American Argues 'Mexicans Can Make America Great'
MICHEL MARTIN, HOST:
When Donald Trump announced his run for the presidency, one of the first speeches he made, and one of the most quoted since, was about Mexicans crossing the border. He used words like criminals, rapists and drug dealers. And one of the people most annoyed by these comments might surprise you. Lincoln Smith calls himself a gringo from Oregon who spent the past decade working in Mexico. He wrote an essay titled "How Mexicans Can Make America Great" for the blog medium.com.
In it, he says there's a lot America can and should learn from Mexico. And we thought that was interesting, so we called him up. Lincoln, thanks so much for joining us.
LINCOLN SMITH: Oh, thank you for having me.
MARTIN: So, first of all, this is a pretty lengthy piece. You talk about NAFTA, you talk about family values, lots of different topics, seems like this was something percolating for a while.
SMITH: Yes. Actually, I've been watching this election play out from the border for the past year and just really can't believe the things that Trump has been saying.

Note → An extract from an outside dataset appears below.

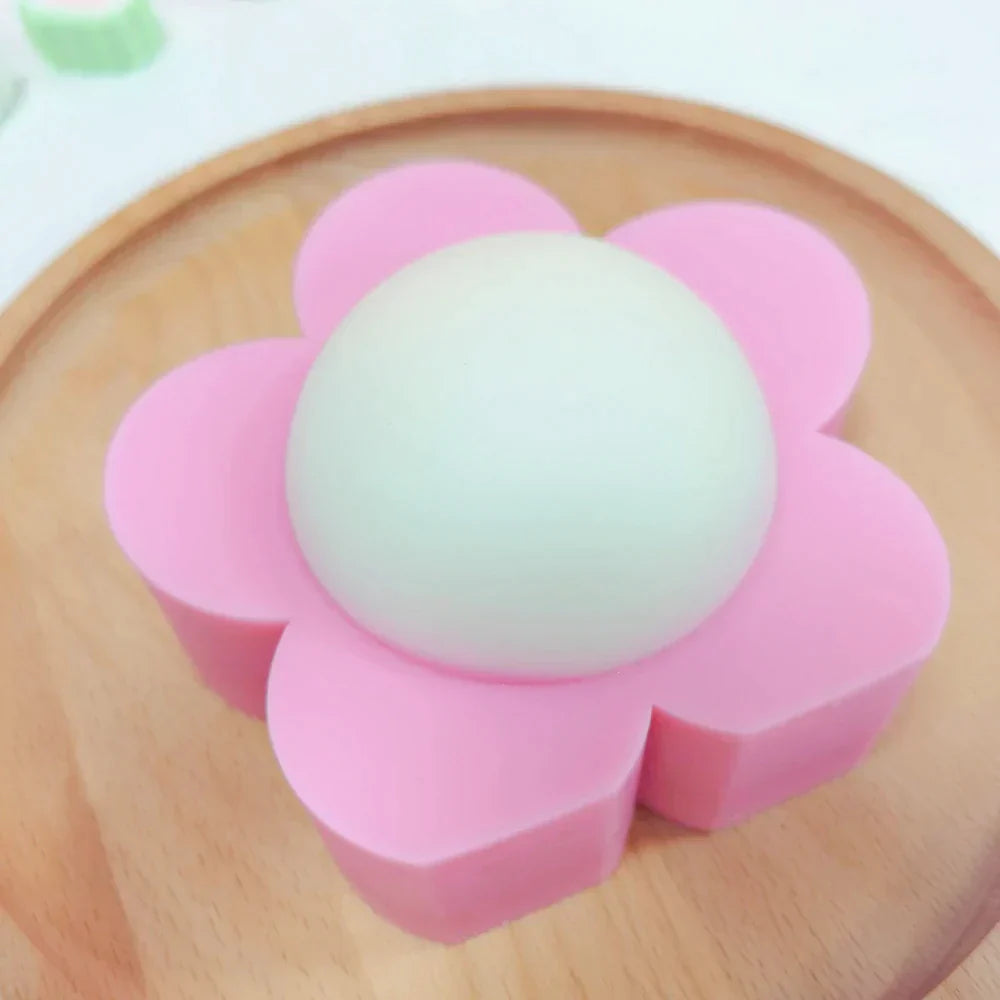 Pastel Flower Shaped Silicone Candles Mould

I work with Mexicans from all walks of life, and his vision of Mexico and Mexicans does not match reality. So besides - wanted to kind of put a different perspective out there from, you know, a white guy on the border. And besides the negativity of Trump, there's actually a lot of positives that could come out of a better relationship with Mexico.
MARTIN: Well, let's talk about some of these topics, for example, NAFTA, the North American Free Trade Agreement. One of the things that you say that a lot of Americans might be surprised to learn is that it's actually controversial among Mexicans. Why is that?

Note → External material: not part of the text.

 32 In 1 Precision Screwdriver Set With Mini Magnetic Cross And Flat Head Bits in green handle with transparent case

SMITH: Right. The purpose of NAFTA was to open up trade or encourage trade between the NAFTA-participating countries. The idea was that you'd have more importing and exporting between U.S. and Mexico as well. So when the borders and the rules started to change and trade started to open up, actually the very efficient American companies began exporting into Mexico and actually out-competing many of Mexico's industries, especially agriculture. And so you hear a lot of, I guess, negative comments from some people negatively impacted by NAFTA in the U.S., but many people aren't used to actually, I guess, conceptualizing that many of these big U.S. companies shipping over to Mexico actually outcompete in many of their industries as well.
MARTIN: Well, one of the other points you make is that on the border - that a lot of commerce flows in both directions, which is a stark contrast to the trade that we have with other parts of the world. For example, you point out that Mexico is actually the U.S.'s second-largest customer for American exports and that, you know, a lot of Mexican companies actually buy not just, you know, raw goods, but they also buy consumer goods. And do you think - is that something you think a lot of Americans don't know?
SMITH: Yeah. I think you'd be surprised how many actual U.S. companies - and not just on the border, actually even further away - and I visit many of these companies as far as the Carolinas are actually supplying raw materials over to Mexico for them to make goods, which will then be, you know, processed and shipped back into the U.S.
MARTIN: And I want to move into an area that - as I said, this is a lengthy piece. But you also talk about some kind of nuanced - how can I put it? - sort of issues of perspective. And this is one passage that struck me. You say that one of the things that you appreciate about Mexico is brutal honesty and open self-criticism. Tell me a little bit more about that.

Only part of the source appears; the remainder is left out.